Ross Eisenberg, a vice-president at the National Association of Manufacturers, said Friday the rule that staff recommends would cost up to $270 billion a year. In a written statement, he said "the current standard of 75 parts per billion protects public health" and added that there is much "financial risk evident in this new regulation."
Industry for four decades has exaggerated the costs of cleaning up air, countered Frank O'Donnell, president of Clean Air Watch, saying the current rule is too weak.
"EPA's ultimate decision is literally a matter of life and death," said Bill Becker, executive director of the National Association of Clean Air Agencies, which represents state and local air regulators.
"While the costs may be significant, the costs of inaction, including billions of dollars of health and welfare impacts are overwhelming."

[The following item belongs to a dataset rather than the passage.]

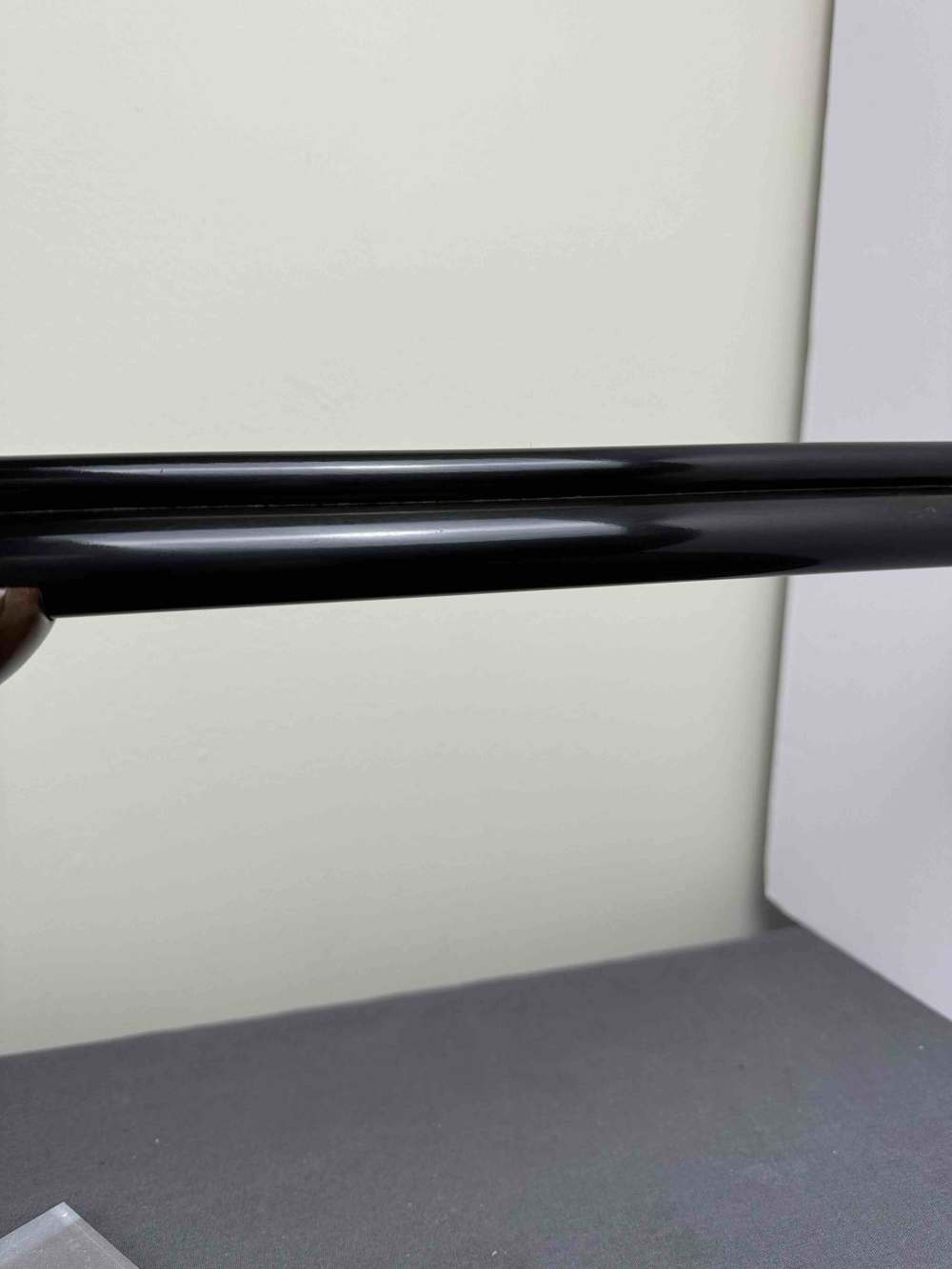 Savage 24H-DL combination 20ga / 22lr-img-6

A 2011 EPA study looked at the history of air pollution regulations and found that the benefit of clean air in better health and reduced deaths "vastly exceeds" the costs of air pollution rules going back to 1990. It said that by the year 2020, overall costs of air pollution rules would be $65 billion a year, while savings would be worth almost $2 trillion a year.
Federal law requires that air quality rules be updated every five years. A federal judge ordered the EPA to have a new rule by December after environmental groups sued to get the government to tighten existing rules.